До эпохи Возрождения понятия социального, политического, технологического и других видов прогресса фактически не существовало. Это придавало средневековой психике смирение, носящее, видимо, адаптивный характер: неизменность положения угнетала, но вместе с тем успокаивала, поскольку человеку не требовалось приспосабливаться к технологическим или социальным переменам, а надеждам на лучшую жизнь ввиду их отсутствия не грозило крушение. Несмотря на пропитывающий бытие страх геенны огненной (по оценкам одного францисканского проповедника в Германии, вероятность попадания души в ад составляла 100 000:1{358}
), средневековый разум не мучил себя надеждами улучшить положение и страхами потерпеть фиаско.Нам, сегодняшним, особенно в западных государствах капиталистической демократии, предоставлен, возможно, самый широкий за всю историю выбор: мы вольны выбирать место жительства, партнеров и спутника жизни, профессию и род деятельности, личный стиль. «Главная проблема американца – выбор, – писал в 1970 г. покойный социолог Филип Слейтер. – Каждый день американцы вынуждены принимать больше решений – при меньшем количестве "данностей", более расплывчатых критериях, меньшей стабильности окружающего мира, меньшей опоре на общественное устройство, – чем любой другой народ за всю историю»{359}
. Свобода выбора порождает немало тревог. Барри Шварц, психолог из Суортморского колледжа, называет это парадоксом выбора: чем шире выбор, тем сильнее страхи{360}.Не исключено, что тревожность – это в некотором смысле роскошь, эмоция, которую мы можем себе позволить, лишь когда нас не обуревают «настоящие» страхи. (Примерно такой же довод, как мы помним, приводил Уильям Джеймс в 1880‑х гг.) Может быть, именно потому, что средневековому европейцу грозило множество подлинных опасностей (чума, набеги мусульман, голод, свержения монархов, постоянные военные конфликты и смерть, вездесущая, постоянно маячащая рядом смерть – средняя продолжительность жизни в Средние века равнялась 35 годам, каждый третий ребенок умирал, не доживая до пятилетнего возраста), у него не оставалось места для тревоги, по крайней мере во фрейдовском ее понимании, как беспочвенного иррационального страха, исходящего изнутри. Возможно, Средние века были относительно свободны от невротической тревоги, поскольку такую роскошь в этой короткой и тяжелой жизни никто не мог себе позволить. Косвенным подтверждением этой гипотезы служат исследования, показывающие, что в развивающихся странах уровень клинической тревожности меньше, чем в США, несмотря на более суровые материальные условия существования.

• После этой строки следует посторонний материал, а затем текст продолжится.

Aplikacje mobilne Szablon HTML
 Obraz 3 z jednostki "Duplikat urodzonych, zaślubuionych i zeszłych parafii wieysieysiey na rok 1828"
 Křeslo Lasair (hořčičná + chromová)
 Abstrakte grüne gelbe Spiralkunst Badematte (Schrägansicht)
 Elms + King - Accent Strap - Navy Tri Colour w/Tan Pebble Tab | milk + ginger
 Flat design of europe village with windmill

Более того, политическая и культурная жизнь в Средние века была в основном устроена так, чтобы минимизировать и даже свести на нет любую социальную неопределенность, озадачивающую нас сегодня. «С самого момента рождения, – писал психоаналитик, философ и социолог Эрих Фромм, – [человек Средневековья] был закреплен в какой-то структурированной общности; его жизнь была с самого начала наполнена смыслом, что не оставляло места сомнениям, они и не возникали. Личность отождествлялась с ее ролью в обществе; это был крестьянин, ремесленник или рыцарь, но не индивид, который по своему выбору занимается тем или иным делом»[198]
. Одно из объяснений повышенной тревожности XXI в. состоит в том, что социальные и политические роли не воспринимаются как данные свыше или уготованные природой – мы должны выбирать их сами. А выбор, как показывают исследования, дело нервное. Мрачное, страшное и пропитанное духом смерти, Средневековье все же не знало такой тревожности, как наша эпоха, утверждают Фромм и другие.